No. Gemini 1.5 Flash is retired. Google deprecated the Gemini 1.5 line and shut the models down in 2025 — gemini-1.5-flash-001 on May 27, 2025, and the gemini-1.5-flash / gemini-1.5-flash-002 alias around September 24-29, 2025. Google recommends migrating to Gemini 2.0 Flash or a newer Gemini Flash model.
What was the context window of Gemini 1.5 Flash?
Gemini 1.5 Flash had a 1-million-token context window (1,048,576 tokens), the same headline long-context capability as Gemini 1.5 Pro. It could take text, images, audio and video interleaved in a single prompt.

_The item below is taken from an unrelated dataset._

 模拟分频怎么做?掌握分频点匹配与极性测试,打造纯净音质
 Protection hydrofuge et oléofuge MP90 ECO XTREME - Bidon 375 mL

How much did Gemini 1.5 Flash cost?
After Google's August 2024 price cut, Gemini 1.5 Flash cost $0.075 per million input tokens and $0.30 per million output tokens for prompts under 128K tokens, with roughly double those rates for longer contexts. It was one of the cheapest capable models of its time. These prices are now historical since the model is retired.
How is Gemini 1.5 Flash different from Gemini 1.5 Pro?
Gemini 1.5 Flash is a transformer decoder model that Google online-distilled from Gemini 1.5 Pro. It keeps the same 1M-token multimodal context but is optimized for lower latency and cheaper, higher-volume serving, trading some peak reasoning quality for speed and cost. Pro was the heavyweight flagship; Flash was the fast, economical sibling.